What you have to gain with steel versus aluminum pushrods is less lag in the valve opening event. As I mentioned above, the Youngs' Moduls for steel is three times that of aluminum. Basically aluminum is three times "springier" than steel. Think of the pushrod as a spring. Ticking over a motor at idle or a few thousand rpm will yield little significant difference in behaviour between steel and aluminum but as the loads increase to the square of the speed, the valve opening event lags behind with aluminum when compared to steel.

I have run the steel pushrods and Steve Maney aluminum barrels and based on the engine sound, I highly doubt I had 0.020" lash when hot but I have not checked to confirm. As I mentioned above, the thermal strain of the barrel is probably a little more complex than that of the pushrods which are bathed in oil.

This is not saying everyone should be running out to their shed to change out their aluminum pushrods to steel.

Great thread.

The majority of the factors mentioned here in earlier posts on this topic are relevant considerations (modulus of pushrods and their attendant elastic/springy nature, lost lift due to excessive growth in lash, etc). However, in my mind, perhaps one of, if not the most important considerations would be the following. At full operating temperature the running lash must be maintained such that valve opening/closing occurs on the opening/closing ramp of the cam. Comnoz has clearly shown previously, especially at high engine speed, how finicky valve trains can be to seemingly subtle changes in ramp design. Thus the criticality of ramp design is well established and having lash grow to a point where opening and closing events are not occurring on the constant velocity ramp is a major issue.

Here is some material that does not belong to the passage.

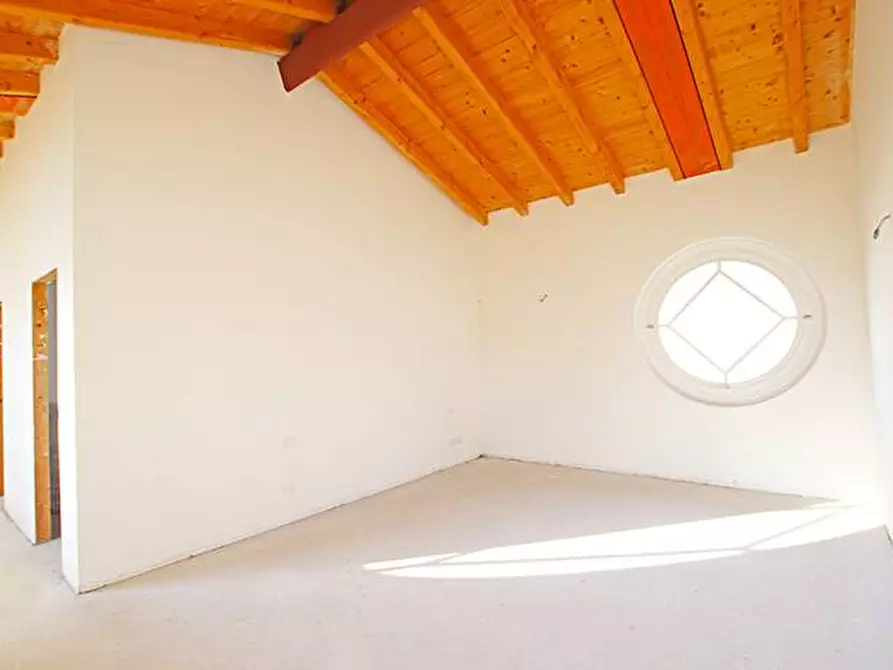 Immagine 26 di Casa indipendente in vendita  in via Marzanica a Bergamo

Although a significant range of opening/closing ramp length and lift have been employed by designers, it is quite common to employ constant velocity designs exhibiting lifts of 0.012" occurring over 50 crankshaft degrees, with preferred hot lash settings of 0.008-0.010". A stock CDO cam provides a good example of this style ramp. The graph below shows the subject ramp, with a red line provided as a reference to allow the reader to readily discern the linear or so-called constant velocity region of the design where the lift curve remains parallel to the red reference line before transitioning to the flank of the cam. A notation was also included showing the stock intake lash. It is clear from this graph that if lash grows to greater than 0.012-0.014" the ramp will be completely eliminated from the design, no benefit whatsoever will be derived, and valve opening/closing events will be significantly harsher as compared to operating with the ramp.

As Dances mentioned, the valve train components/materials as well as all the engine components/materials must be considered when determining an appropriate cold lash setting. The graphic below suggests that valve lash on a stock CDO must maintain relatively close to the cold lash setting (within 0.005-0.006") or valve train contact would occur off the ramp.